Zwar bekamen wir das Lied schon bei Lotte zu hören, Clueso sang es auf seine Art und Weise: „Gewinner“. Und der Hauptteil war vorbei. Die Zeit verging wie im Flug(modus), ich empfand das Konzert als kein bisschen langweilig, natürlich trugen die Musik, die Videos, die Beleuchtungen sowohl auf der Bühne als auch auf den Dom ihren Teil dazu bei. Die Atmosphäre war einzigartig.
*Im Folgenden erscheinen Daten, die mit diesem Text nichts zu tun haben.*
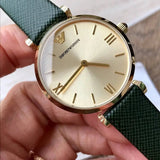 Buy Shop Emporio Armani Retro Champagne Beige Dial Green Leather Strap Watch For Women - AR1726 USA Online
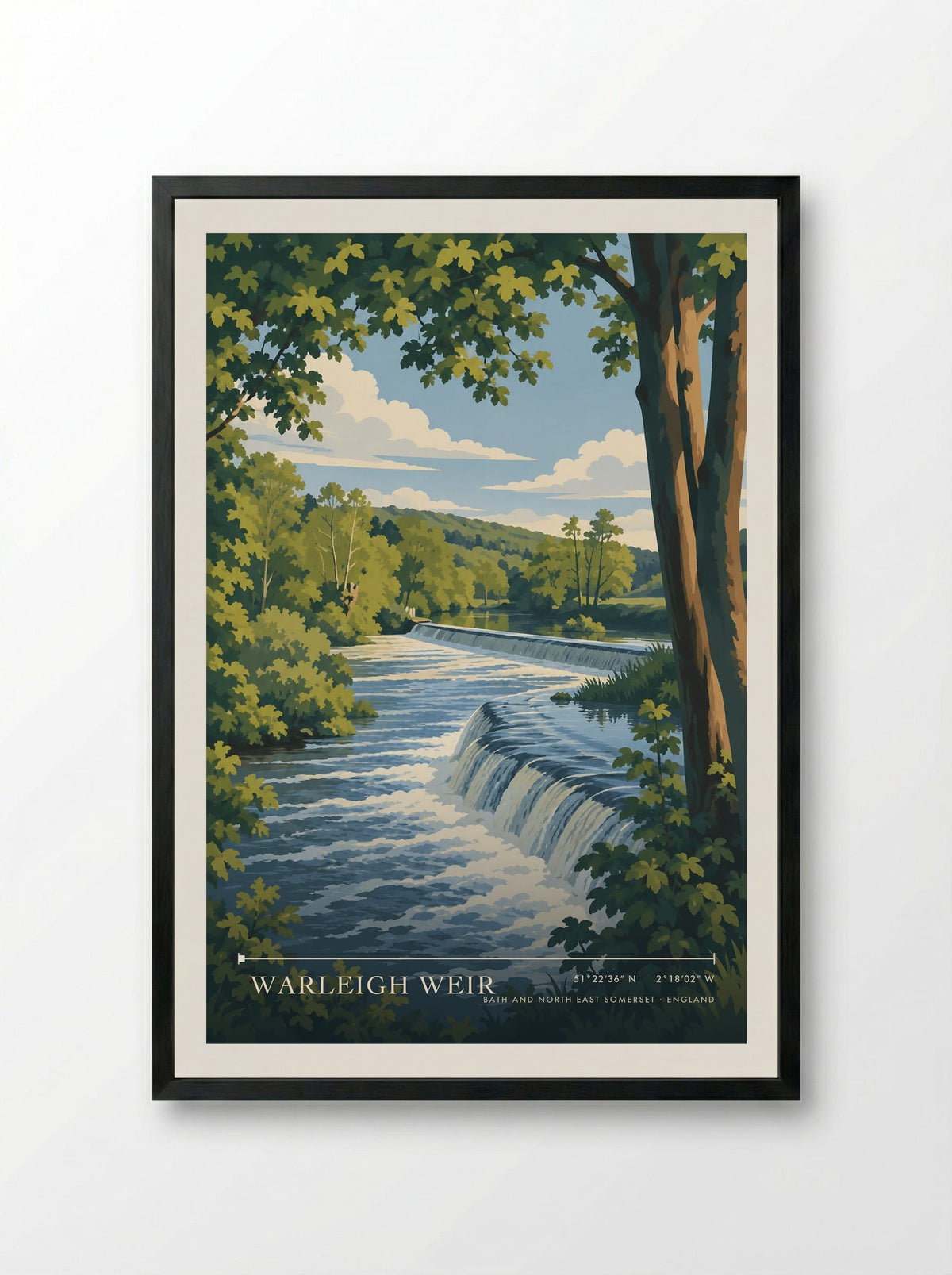 Warleigh Weir, Bath and North East Somerset | Travel Poster - Framed Print Black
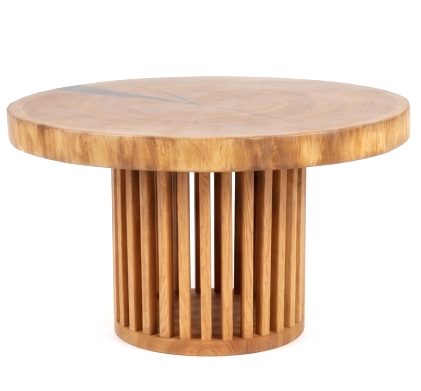 Oval Nature Arcade Live Edge Round solid oak coffee table for hotels, restaurants and offices – made to order, logo engraving available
Als erste Zugabe erklang „Wenn du liebst“, das dieses Mal im Duett mit Lotte besungen wurde. (Daher das „Special Guest“ in der Ankündigung.) Es wurde recht kuschelig und bevor Thomas zum nächsten Lied kam, wurde im Intro die Band vorgestellt. Die Besetzung hat sich seit dem Weihnachtskonzert 2019 nicht verändert. Endlich konnten wir uns „Freidrehen“ und ich hatte sogar Platz, meine Arme etwas in die Luft schwingen zu lassen.
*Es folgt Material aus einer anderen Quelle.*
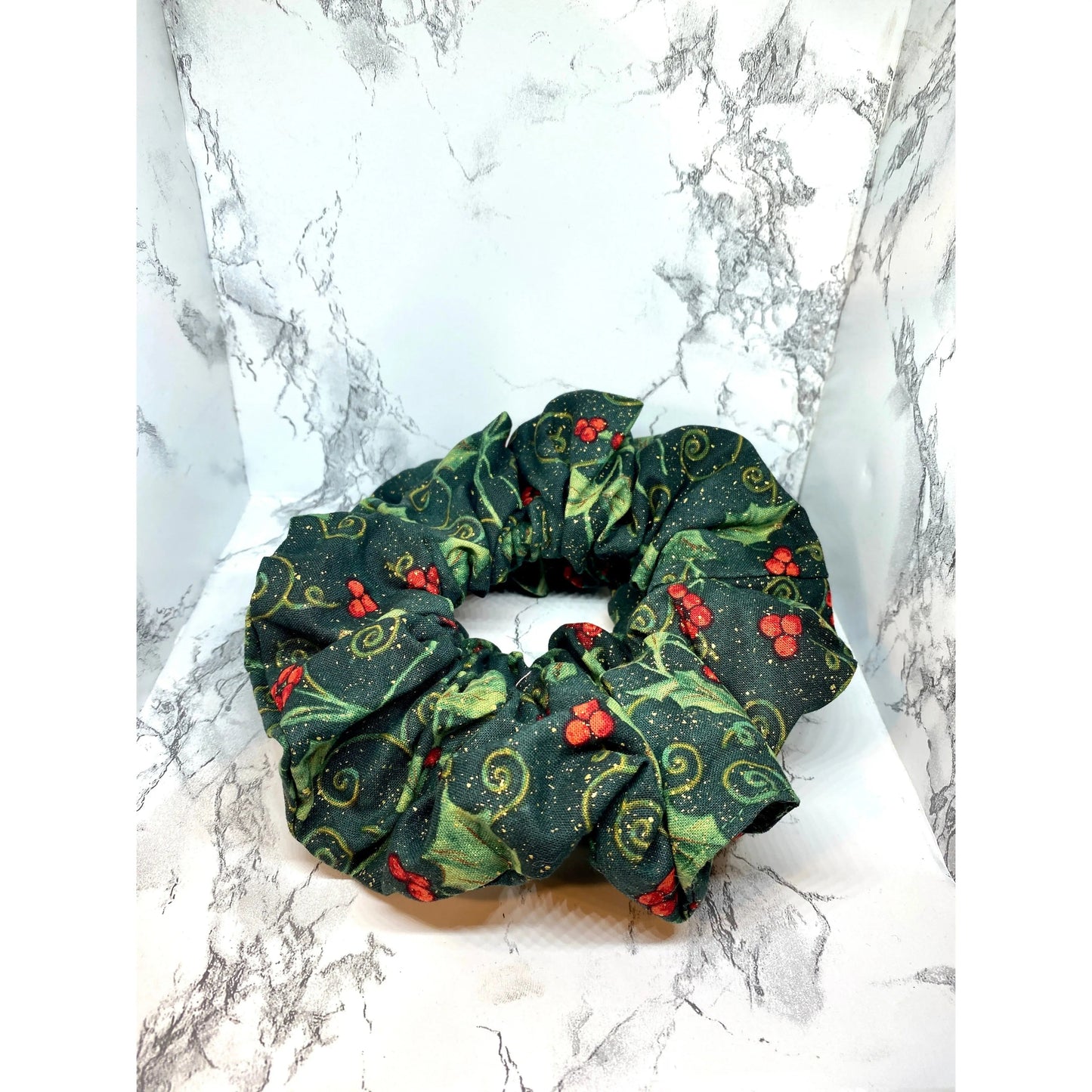 Glitter Holly Christmas Scrunchie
Zum Abschluss kam das Lied, worauf ich das ganze Konzert sehnsüchtigst gewartet hatte: „Alles zu seiner Zeit“. Im Publikum wogte sich ein Lichtermeer aus den mobilen Telefonen, vereinzelt erblickte ich Feuerzeuge.
Ich verdrückte wieder ein paar Tränen.
Weiterführend:
https://www.mdr.de/nachrichten/thueringen/mitte-thueringen/erfurt/clueso-konzert-domplatz-104.html
das besagte Lied kannte ich nicht, Clueso ist nicht so mein Ding, aber das Lied gefällt und kann durchaus zu Tränen rühren…
Beim zweiten und weiterem Anhören auf CD war ich schon vorbereitet, aber live hat es mich dann wieder sehr berührt.
Ich kenne Clueso überhaupt nicht. Du machst da eine Welt auf, die an mir vorbeigegangen ist. Zu alt? Zu taub? Ich weiss es nicht, aber es ist wunderbar, dass es Dich zu Tränen gerührt hat.
Liebe Frau Frogg, danke für die Lebenszeichen hier und auch in Deinem Blog. Ich glaube wenig, dass es sowohl mit dem Alter als auch mit dem Gehör zu tun hat, Clueso zu kennen. Er ist in Erfurt eine Grösse, die halt mit jedem Kilometer Luftlinie kleiner wird.
Das Konzert ist zwar eine Woche alt, aber ich habe immer noch ein paar Ohrwürmer von diesem unvergesslichen Abend.